BEGIN

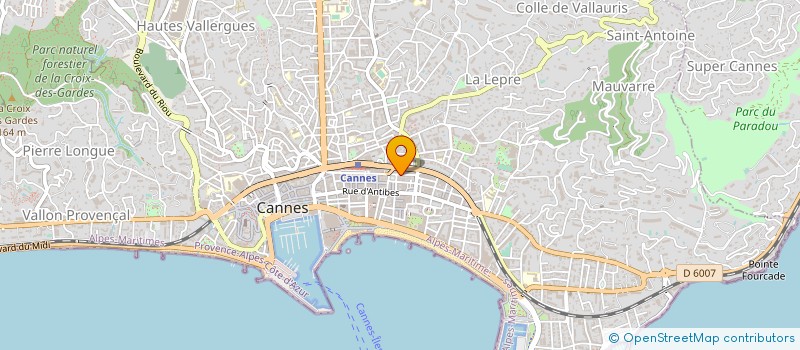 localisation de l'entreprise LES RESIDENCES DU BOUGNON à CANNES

END
BEGIN

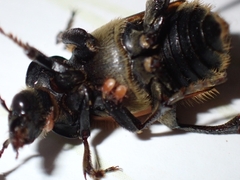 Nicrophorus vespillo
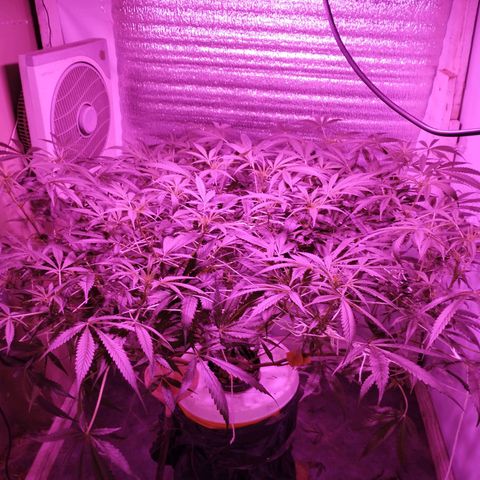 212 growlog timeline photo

END

## Task statement:
Your answer must be everything above from the line with "Nicrophorus vespillo" down to the line with "212 growlog timeline photo", word for word, and no pictures.

## Result of the task:
 Nicrophorus vespillo
 212 growlog timeline photo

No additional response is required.